But monosyllabicism is their family tradition, and I have become accustomed to it and don’t expect much in the way of lively discussion or insignificant chatter. I have learned to be content with grandsonly conversations like, “So, how was camp this year?”

Or, “Check out the baby catbirds in this nest in the Oakleaf hydrangea!”

Or “Would you like something to drink?”
“I’m good.”
At which I try not to reply sharply, “You mean, No thank you, Grandmother dear?”

I did have a successful conversation with him one evening when we were at my sister’s cottage for dinner. It was my birthday, so I had no responsibilities for the meal except to sit drinking on the deck waiting to be served, which I did. As I was swizzling a stick in my beverage, the grandson suddenly came charging out the door brandishing a rifle.

I took one look and cried, “My BB gun!”

“Yeah!” he cried. “I didn’t know you had a BB gun! Look, you carved your name on it!” And sure enough, there carved into the stock in scraggly letters was ALISON BAKER.

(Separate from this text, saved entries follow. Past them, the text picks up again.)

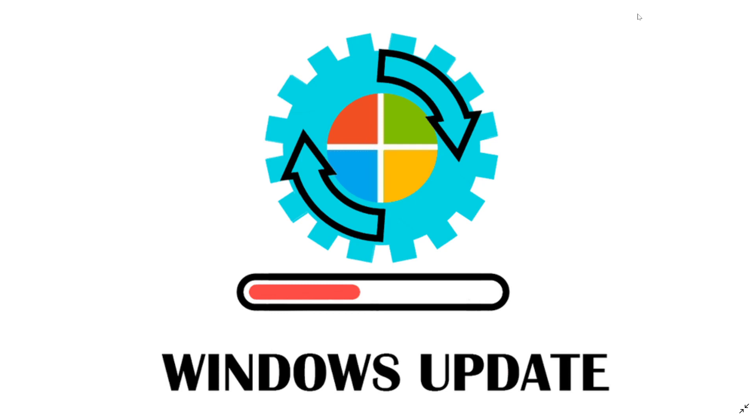Those updates are optional updates and they are basically bug fixes. There's no security updates in there. It's really just a list of bug fixes, as there are a lot of little problems here and there apparently.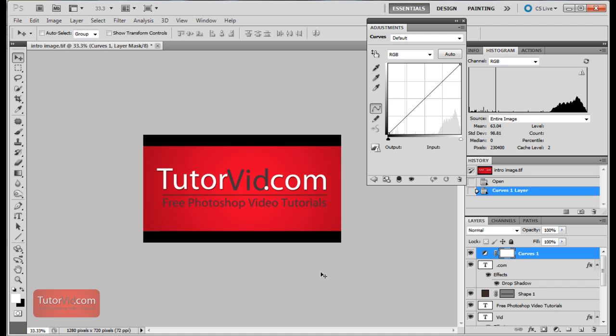If you like this tutorial make sure you click the like button down here. If you want to check out future tutorials make sure you subscribe to TutorVid.com.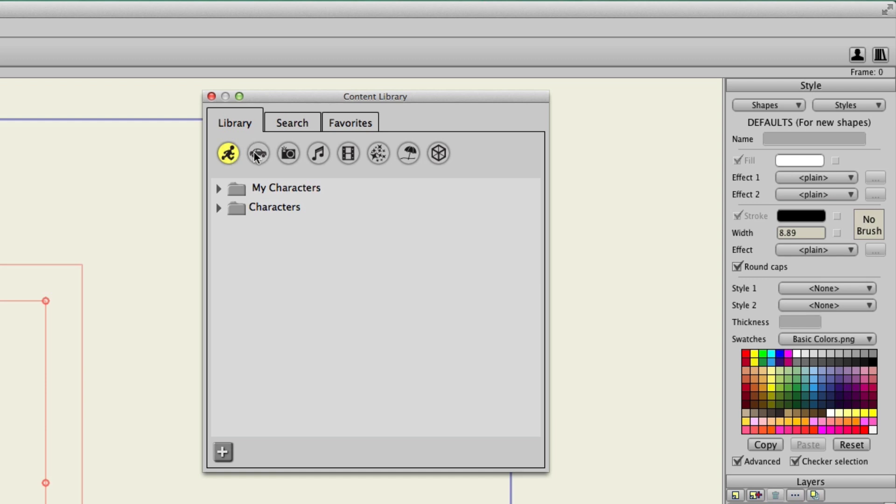You have characters, you have props, pictures, audio, particle effects, scenery, 3D objects, and so on. So you have a lot to choose from right off the bat.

“Wow,” I said, taking it in my arms. “It was my dad’s when he was a boy. He took the barrel off so I wouldn’t put anyone’s eye out. I remember it was really hard to cock. I had to stand it butt first on the ground and lean on it.”

“Yeah, it is stiff,” said the grandson, taking it back and easily cocking it.

“So,” I said, “have you been hunting with your dad?”

And he launched into stories of hunting birds in Wisconsin, and the differences between hunting quail and hunting ducks, and yes, they eat them, but his first one they stuffed and it’s in his room, a wood duck, and no, he probably wouldn’t get to go deer hunting till he was fourteen or so.

All the while he’s swinging the gun around, cocking it and pulling the trigger for little nearly-inaudible pops, aiming at various inanimate things in the yard.

Watching him, I remember how much I liked holding that gun, swaggering around the yard feeling as manly as Marshall Dillon or Palladin. Or Bart, not Bret, Maverick.

“Does it bother you to kill things?” I asked as neutrally as I could.

“Nope,” he said. “Well, maybe the first time, but not any more.”

Just about then there was a knock at the front door, and in a moment my sister poked her head out the back and said to the grandson, “It’s for you.” I followed him inside.

It was a couple of girls from a nearby cottage who apparently had seen him handling his equipment in the yard. They had manufactured some Rice Krispy treats, and thought he might like one, which he would.

“Want to walk down to the beach?” said the one with green hair.

“Sure,” he said, and as the grownups watched in astonishment, they headed off down the road. Fortunately, none of us had the presence of mind to call, “Be back for supper!” We just went back to our drinks.

And he set out on that journey that no doubt will bring him to many more girls, and many more treats, along the way. He might want to work on his conversational skills a little, but I took it as a good sign that he had left our BB gun behind.